No railroad strikes since 1950 - and that one was broken by Truman, who ordered the Army to run trains.

Yeah, that turned into a cluster-copulation. The railroads were then designated a unit of the Civil Defense, and railroad men lost the legal freedom to strike.

No one had the right to strike during the war years (including 1942). In fact, during the war years, a lot of railroad work was done by women. In photo collections there are a lot of photos of hausfraus geared out and running the monstrous steam locomotives of the time (last years of steam)...Women, especially women programmed into believing they're doing this hard work for their husbands' safety, are not likely to start job actions.
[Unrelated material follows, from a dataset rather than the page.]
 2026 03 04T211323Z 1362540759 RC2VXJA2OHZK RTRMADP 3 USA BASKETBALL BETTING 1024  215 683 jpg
I don't recall of any major railroad strike in the 1930s. Frankly, I think the railroad men were grateful to just have a job, and not have the deep cuts that other industries faced. While a lot of rail lines went bankrupt in those years, most were kept operating by banks and financiers that owned or had bought the companies' debts. They would operate in bankruptcy under oversight of a Receiver (a sort of interim CEO) with bankruptcy-court's approval.
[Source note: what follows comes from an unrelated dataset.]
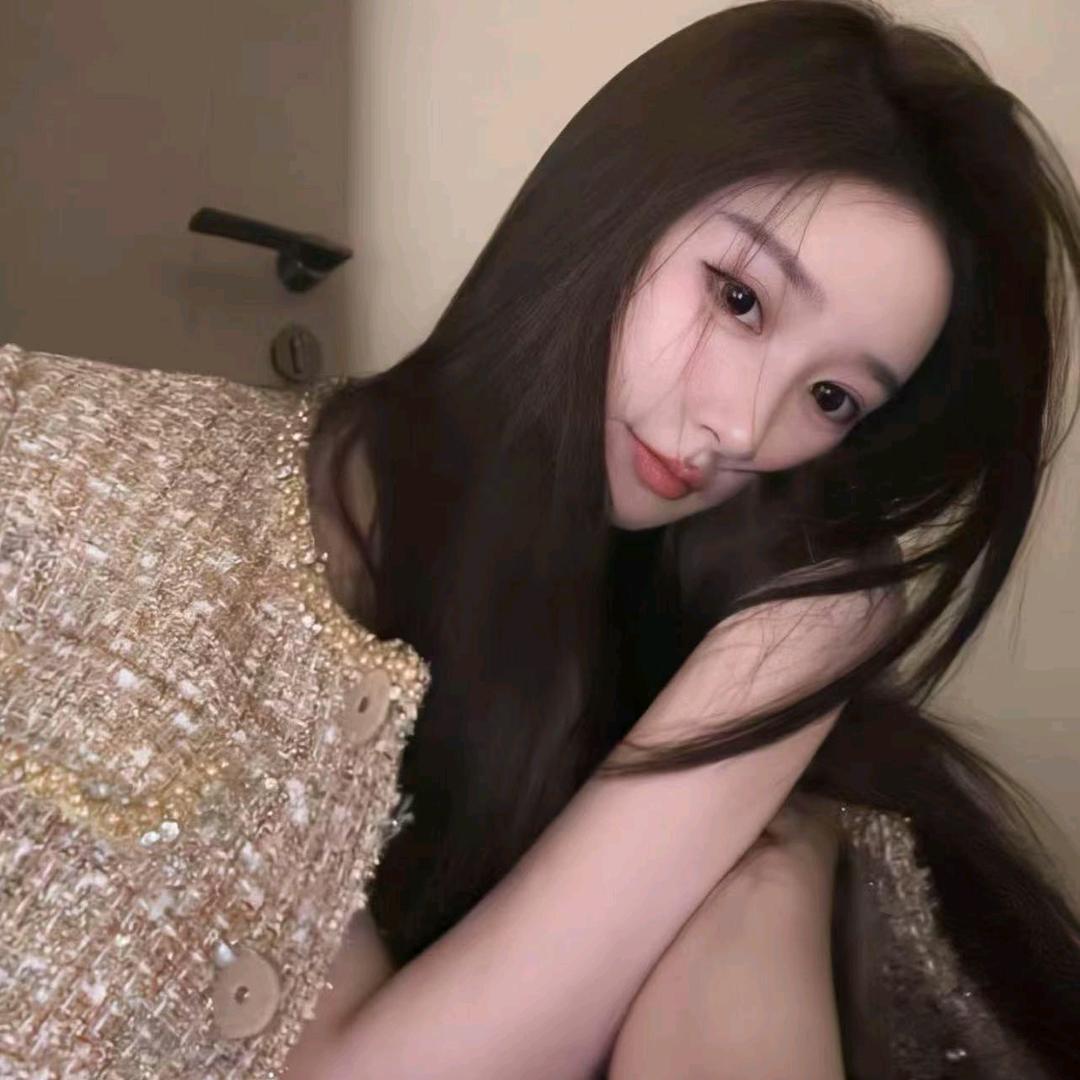 雅雅睡不醒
Nor do I know of any massive job action in the 1920s. You have to go back before 1900 to find major strikes, hitting the Pennsylvania Rail Road and others...and the strikebreakers were hired by contractors one-step removed from rail management. This was where Allan Pinkerton made some of his money - the railroad strike of 1877, where his men ran interference for strikebreakers hired by the affected rail lines.
 
Almost certain these were for the Post Office railroad service or railroad police yard bulls as these were war years and fear of sabotage was great.
What intrigued me was 16 instead of 12, but all 12 was probably going overseas. Price is not unreasonable to me.
 
Almost certain these were for the Post Office railroad service or railroad police yard bulls as these were war years and fear of sabotage was great.
What intrigued me was 16 instead of 12, but all 12 was probably going overseas. Price is not unreasonable to me.
Like I said...16-ga was unknown. Guns go missing, and you have one of that gauge in your possession? Almost-certainly you stole it. If you were foolish enough to buy it, you'd have to think it was hot goods (or else, you were getting duped).
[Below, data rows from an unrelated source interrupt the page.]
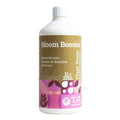 Bloom Booster
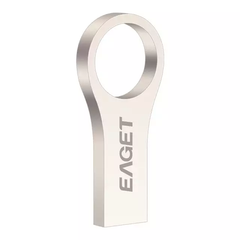 USB quà tặng 52
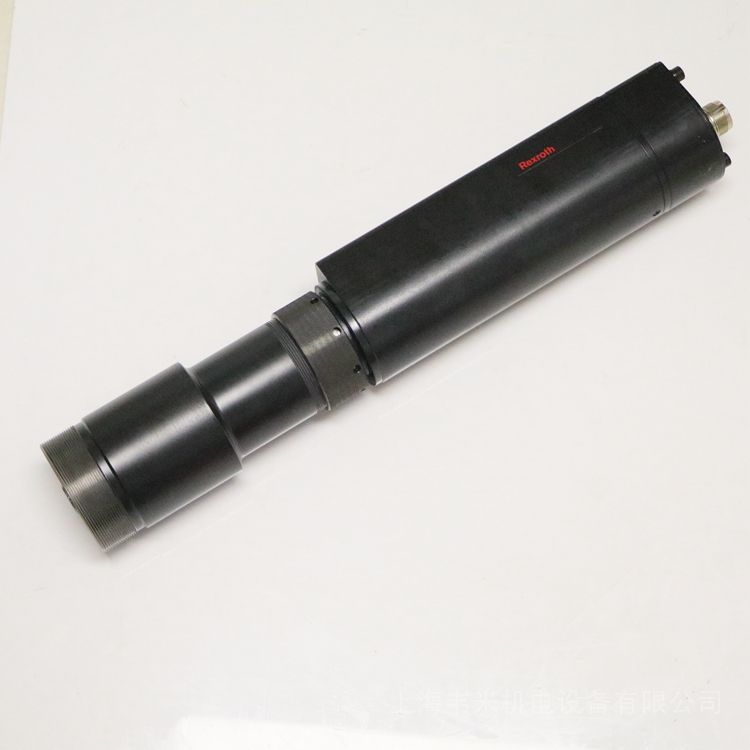 ʿEC0608701018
You can't easily buy ammo for it (or probably couldn't in the past, anyway). So, why steal it? Easier to just buy a more-common gauge at a pawn shop.

It's another layer of security for railroad equipment. Like the odd voltage on radios they use.
 
Almost certain these were for the Post Office railroad service or railroad police yard bulls as these were war years and fear of sabotage was great.
What intrigued me was 16 instead of 12, but all 12 was probably going overseas. Price is not unreasonable to me.
In those cases weight might also be a factor. Like I posted, a 16g is better than a 20g but lighter than a 12g. if you'd be carrying the thing a lot, as a RR bull or someone guarding a rail yard might need to do, that would make sense.

Weight was the first reason I came across as to why someone might use a 16g instead of a 12g.